Planned giving – Thoughtful activation of an exchange with your donors

By Ken Ramsay

Senior Consultant

“No great thing is created suddenly, any more than a bunch of grapes or a fig. If you tell me that you desire a fig, I answer that there must be time. Let it first blossom, then bear fruit, then ripen.” 
– Epictetus

For years, most organizational strategic approaches to planned giving have been to invest a little and hope for a great return. That investment can be the occasional direct mail piece, a website section devoted to giving of this kind, buck slips, receipt message inclusion, etc. The list of tactical deployment is endless. The success of them is suspect.

For some organizations, this has worked. But for the vast majority of charities, it has meant sporadic or non-existent support.

Organizations truly hoping to start and benefit from planned giving – whether a new program or elevating existing programs – require organizational commitment and dedicated resources. Every organization can have a planned giving program. But not every organization is committed to having a successful one.

Every organization can have a planned giving program

“Almost every organization can have a planned giving program of some kind”, the late Dr. Ed Pearce, planned giving “guru” at Queen’s University (and one of the pioneers of the planned giving profession) once said.” If you have up to 100 donors, at least 10 per cent of them are prime prospects for planned gifts.”
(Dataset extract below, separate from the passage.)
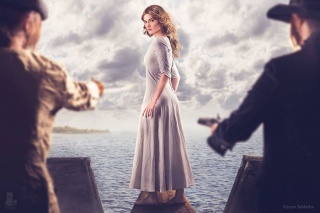 Elizabeth Swan z Piratów z Karaibów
Whether you are considering a passive, active or proactive program, it is best to take these initial steps prior to doing anything else:

What makes for successful planned giving?

The single most important contributor to the success of planned giving is the sense of identification that the donor has with the organization. There are many that will feel this is obvious but it is extraordinary how few organizations do this from a position of stated purpose. Most assume donors know what they do and how they express their mission in the world. They are wrong. You donors need constant reinforcement. But if you provide it, they will respond to it.

Good communication is also a key factor in initiating and enhancing the understanding of the organization and its services for potential donors. This also allows the organization to inform potential donors about planned giving, a concept of which many are unaware. Too many programs focus only on the “heart” of the donor. That is half a message. The “head” also plays an enormously important part in the decision making to create a gift.

The need to invest in planned giving programs should always be expected. If a Board cannot see its way clear to spend money now in the expectation of a return several years down the road, it should not be looking at planned giving.

  1. Bring your own organization on board: A planned giving program cannot operate without the full support of the decision-makers in your organization. Upper management must be fully convinced of the program’s potential, and willing to provide support through funding, people and other resources.
  2. Decide what gifts suit your organization: Depending on your organization’s size and financial sophistication, you may choose to offer a number of different planned giving options. However, if the expertise and commitment aren’t there, don’t discuss or promote certain gifts. Too many organizations decide on what they will promote by looking to what other organizations are doing. We all know what our mothers said about our friends and jumping off the bridge. We must do what is right for our organization – not follow the wrong example toward activating a program.
  3. Decide on a marketing strategy and “activate” your program: A marketing strategy is vital if a planned giving program is to achieve its maximum success rate. Program “activation” goes beyond simply starting the outreach to prospects. Communication strategies should fit resource levels and ensure that once outreach to the public is made, you are able to continue it. Before planning a marketing strategy, however, you must identify what “value” you can offer to your donors. In general, a planned giving program that is designed to obtain donations for a general endowment fund will be less successful than one aimed at something the donor can identify with.
  4. Develop an action plan: An action plan spells out how you will implement your marketing strategy – and it helps to sell the program to the decision-makers in your organization. The action plan should specify what gifts you will offer, how you will market them and what support materials you will need. It should also indicate:
    • the level of funding required for each item and where that money will come from;
    • the staff required to support the program;
    • any other assistance you may require including the support of other departments in your organization, such as data processing and research.
  5. Have a planned giving mission statement: Your program has to have a reason for being and it has to be at the core of what you say to your prospects. Why this type of gift? What will it achieve that other gifts do not? And, where does the money go? Your donors need to know.

What makes for successful planned giving? 

The single most important contributor to the success of planned giving is the sense of identification that the donor has with the organization. There are many that will feel this is obvious but it is extraordinary how few organizations do this from a position of stated purpose. Most assume donors know what they do and how they express their mission in the world. They are wrong. You donors need constant reinforcement. But if you provide it, they will respond to it.

Good communication is also a key factor in initiating and enhancing the understanding of the organization and its services for potential donors. This also allows the organization to inform potential donors about planned giving, a concept of which many are unaware. Too many programs focus only on the “heart” of the donor. That is half a message. The “head” also plays an enormously important part in the decision making to create a gift.

The need to invest in planned giving programs should always be expected. If a board cannot see its way clear to spend money now in the expectation of a return several years down the road, it should not be looking at planned giving.